Learning to Enjoy Things Again

One of the side effects of the dissociative disorder known as depersonalisation, for me at least, has been the lack of finding enjoyment in many things I used to enjoy.  This has been particularly disturbing for me, as, for those of you who know me can attest, it usually doesn’t take much to amuse me.  That makes me sound rather simple, but, at one time, I would find enjoyment in something as simple as reading a book in my bedroom or listening to music while doodling on a piece of paper.

Yesterday, my counselor asked me point-blank about what I enjoy doing now.  We had been speaking about my falling out of love with Star Trek (something that had been happening for a while, I must admit) while feeling so upset and then overwhelmingly relieved and happy that I was still able to continue portraying Ken Kato in Henglaar, M.D., which, to be honest, was one of the few remaining things I used to like doing that I still enjoy doing.

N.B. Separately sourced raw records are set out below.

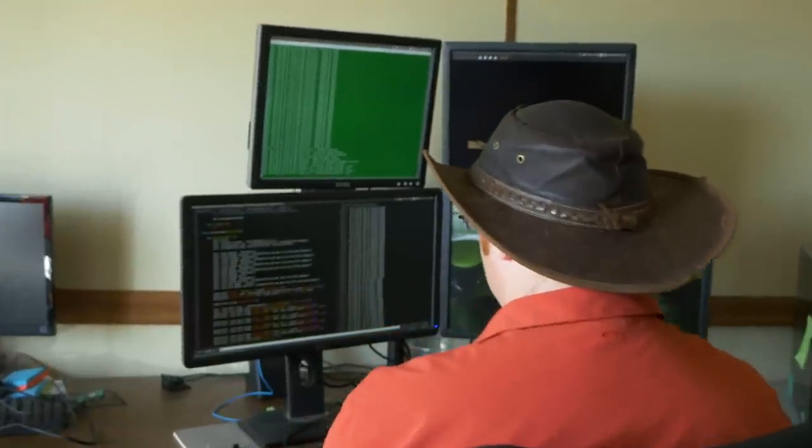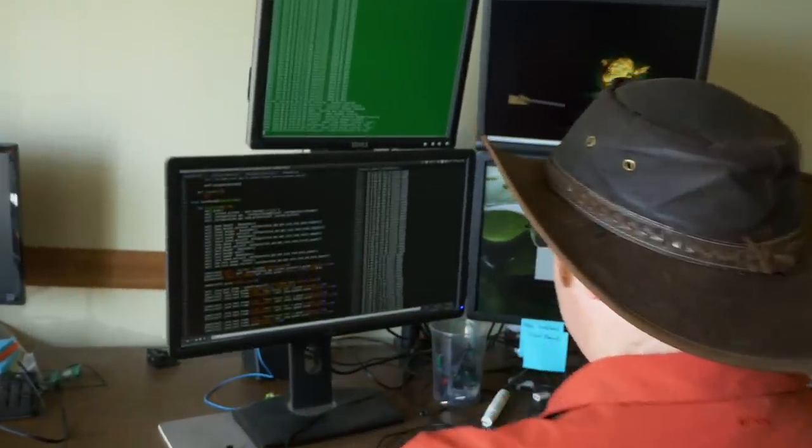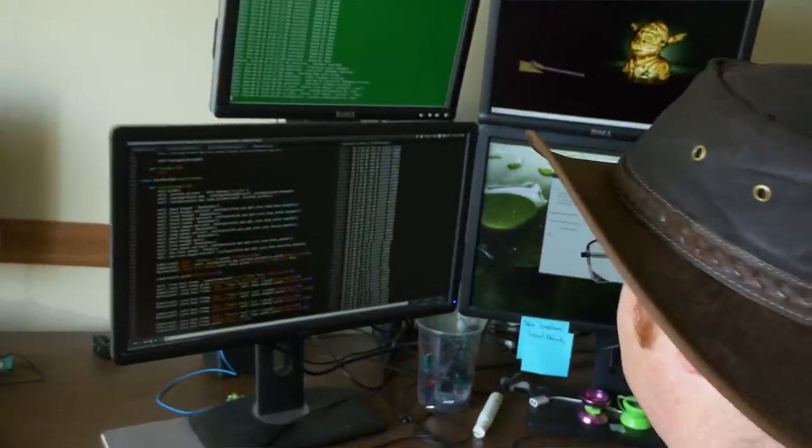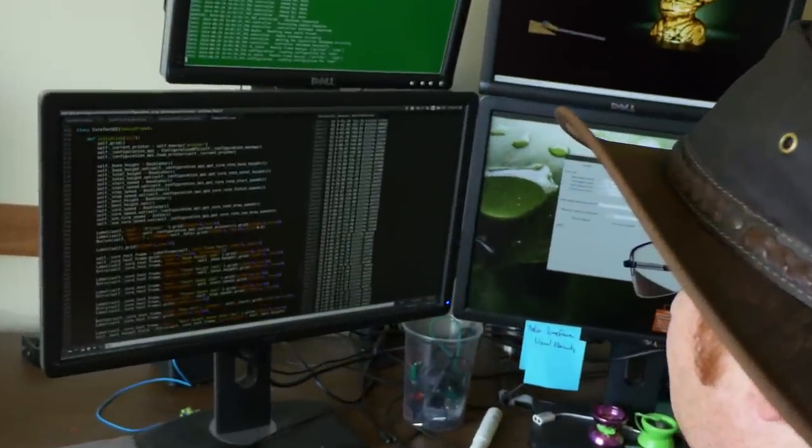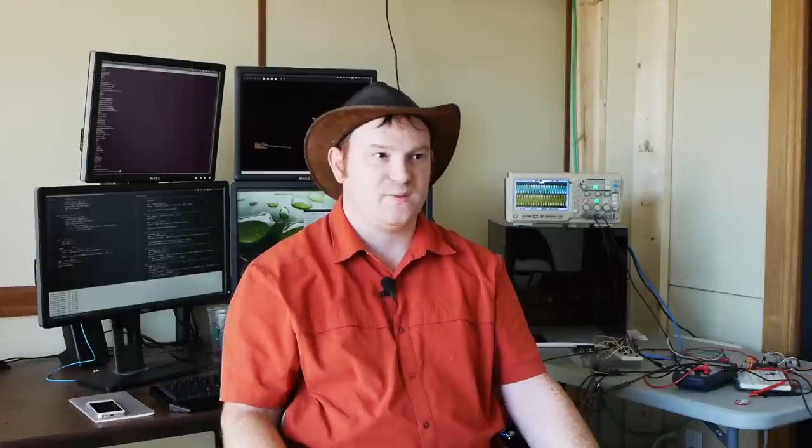One of the things we're working on improving right now is the whole user experience for the software — making it a lot easier to use and making the steps required to get your printer set up and printing even less.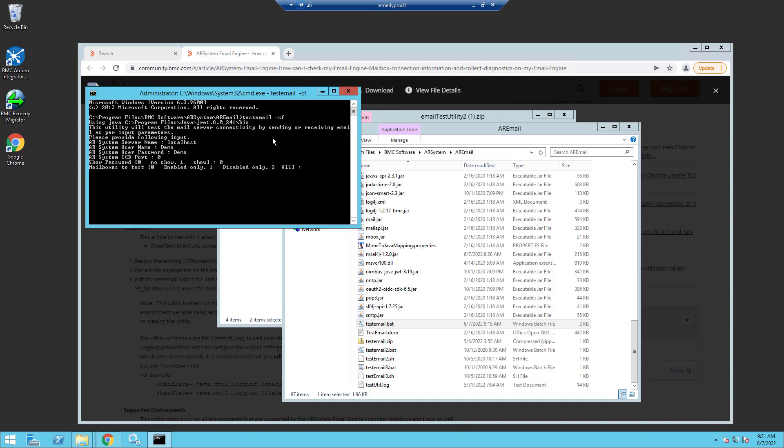You can also choose which mailboxes you want to test. If you want to test just the enabled mailboxes, you can use zero. One is for your disabled mailboxes, which you may want to test because you may have a mailbox that doesn't work and so you disabled it and that's the one you want to test. Or you can just use all of them. I'm going to choose two for all.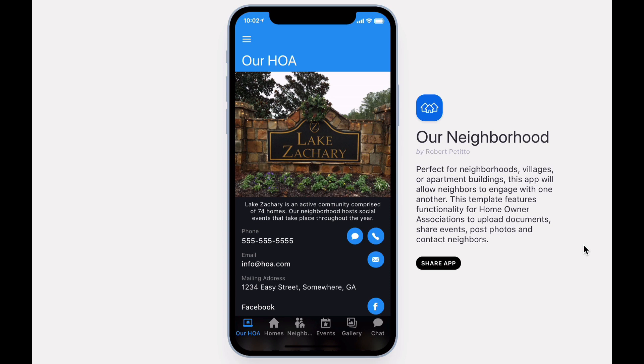Welcome to Our Neighborhood, an app that lets you engage with documents, information, and neighbors within a community.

Over the last few years, when I try to do something I once enjoyed, I sometimes feel bored, other times wonder why something enjoyable was feeling more like a chore than being fun, and even other times wanting to finish it quickly.  There is no enjoyment in any of this, which then makes me upset and anxious and… well, you get the picture.  (This, incidentally, is very reminiscent of one of the side-effects of depression, which shouldn’t surprise anyone as depersonalisation, as in my case, is caused by a combination of anxiety and depression.)

So, when he asked me about what I enjoy doing now, the list was rather limited: voice acting, sometimes reading, sometimes playing video games, watching TV or movies, and that was about it.  Everything else felt automatic or somewhat “just there”.

He thought this over for what seemed like longer than a few seconds, then pointed out: “Do you notice that you didn’t mention anything about activities you do with other people that you enjoy?”

It was a good point.  Part of our earlier discussions was how I often feel isolated from other people even when we share the same experiences and space.  A party can be going on, and outwardly I look as if I am enjoying myself, but inside, I feel very alone and isolated.  As I’ve said in earlier blogs, it seems like I put these walls up to protect myself.  In the process, these walls have helped me appear strong and as if I could cope with hurt and rejection, but, in the long run, they’ve only hurt me anyway.

So part of this is a need to appear to be in control, which is interesting, because, as he so rightfully pointed out, when I am internalising my emotions instead of expressing them, I definitely am not in control.  It sounds a little weird but it is really quite true.

For example, I used to be quite afraid of flying.  My anxiety and stress levels would keep accelerating for days before we would take a flight.  Part of this, I found out, was because I wasn’t in control — someone else is flying and therefore they are in control of my life, not me — so I used rational thoughts to quell the fear, and, even though it worked, it meant I was no longer feeling or accessing the fear.  My thoughts, and not I, were in control of my fear.  Instead of confronting an emotion emotionally, I was using logic to harness the emotion.

This extends to being with people.  I fear rejection and I fear being hurt, which I think most people do, but I take it further by moving a step or three back mentally, putting those walls up, and making sure I can’t be hurt.  But is that actually living authentically?  If there’s a lack of a real, or even strong, connection between me and other people, doesn’t this affect my enjoyment of life?  The richness of my life?

For my physical health, I had a sleep study done, which uncovered moderate to severe obstructive sleep apnea.  The CPAP machine has done wonders for my sleep, almost completely stopping my apnea and increasing my quality of life, even within 2 short weeks.  If I pushed myself, and convinced my doctor, to get answers and take action to increase the quality of life physically and mentally through reducing my sleep apnea, then I owe it to myself to push myself to get answers and take action to enhance the quality of my mental and emotional health through enriching my life with deep and meaningful relationships with other people, even if I do end up getting hurt once in a while.

It will be a long and difficult process to step forward mentally, drop those walls, and allow myself to be vulnerable yet authentic if I want to start enjoying my life again.  There are people who I can do this with, and you know who you are, but until I start doing this more often with more people, the flatness might remain.  I’m determined to enjoy life more again, one little step at a time.